As a parent of a 12-year-old son and 15-year-old daughter, Wright has regular discussions with them about online safety. Each night, they return their phones to her bedroom to charge.
“I’m monitoring and looking at their phone, usually on a weekly basis, just looking through photos and search histories,” Wright said. “But again, it’s also because I’m aware of what can happen, and they know that, and we’ve had a lot of discussions about that.”
Efforts underway
Rep. Lindee Brill, R-Sheboygan Falls, authored several of the recently passed laws, but wrote in a statement to Wisconsin Watch that they’re “only a few spokes in the broader wheel of kids’ online safety.”
She pointed to other bills that came out of the Assembly Speaker’s Task Force on Protecting Kids, including Assembly Bill 962, which would require age verification on social media platforms.
Bohn’s parents, Luke and Brittney Bird, testified in support of the bill, but it failed to pass in the Senate last year among concerns of privacy rights violations. The Birds also joined a wrongful death lawsuit against Meta, the parent company of Facebook and Instagram, for failing to protect their children, emphasizing a growing effort to hold social media companies accountable for children’s safety.

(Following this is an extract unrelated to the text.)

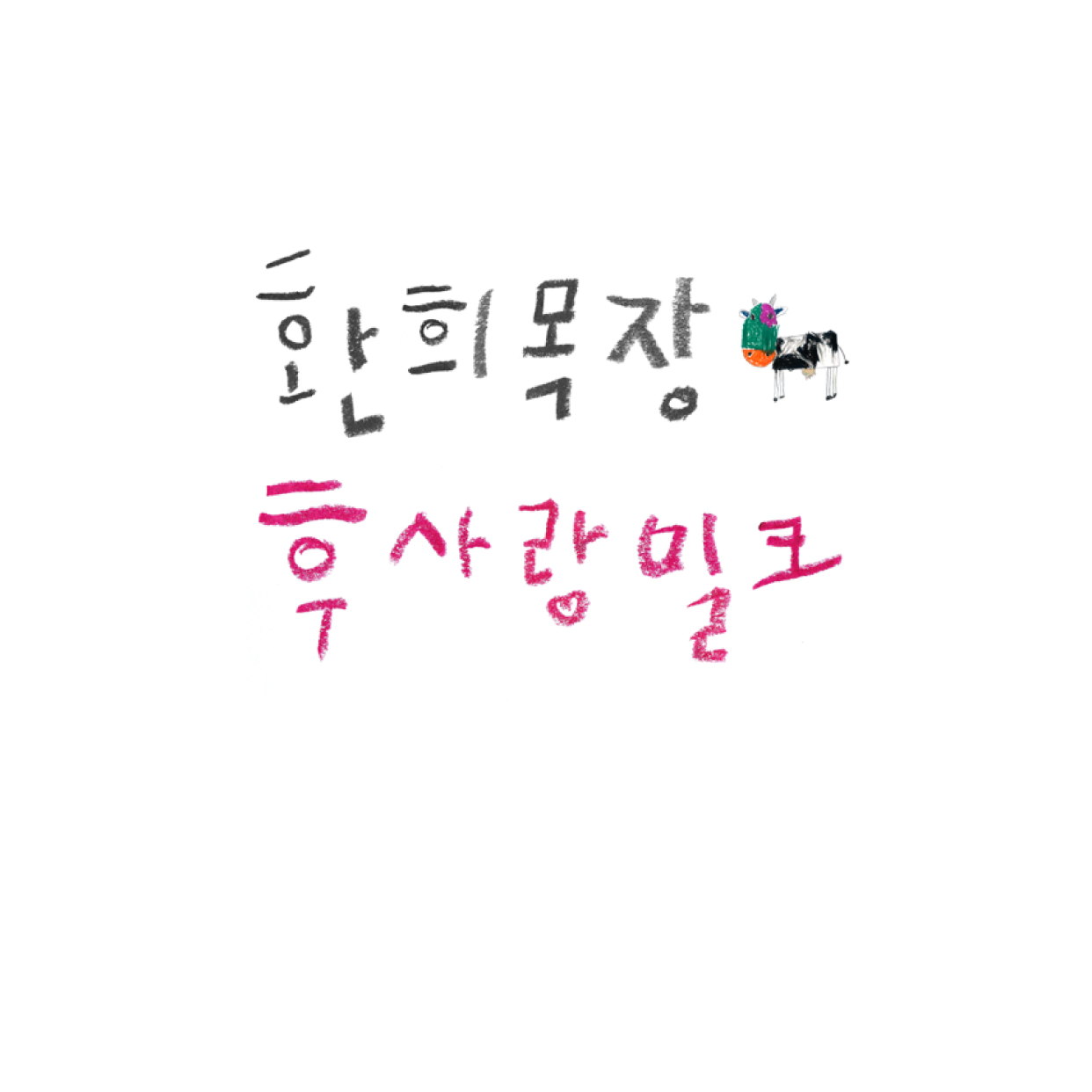 후사랑밀크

Justin Patchin, a professor at the University of Wisconsin-Eau Claire and co-director of the Cyberbullying Research Center, has a different proposal: safe sexting strategies. He outlined tips in a recent paper such as not including identifying features or sending suggestive images rather than explicit nude images. Patchin said there needs to be a less fear-based approach to sexting, which is in line with the state’s list of best practices for prevention programs.
“Teens engage in sexting because it’s developmentally somewhat normative,” Patchin said. “We tell them not to engage in these behaviors, and in fact, some police officers threaten them with arrest.”
Teens who engage in sexting and find themselves victims of sextortion may then feel trapped.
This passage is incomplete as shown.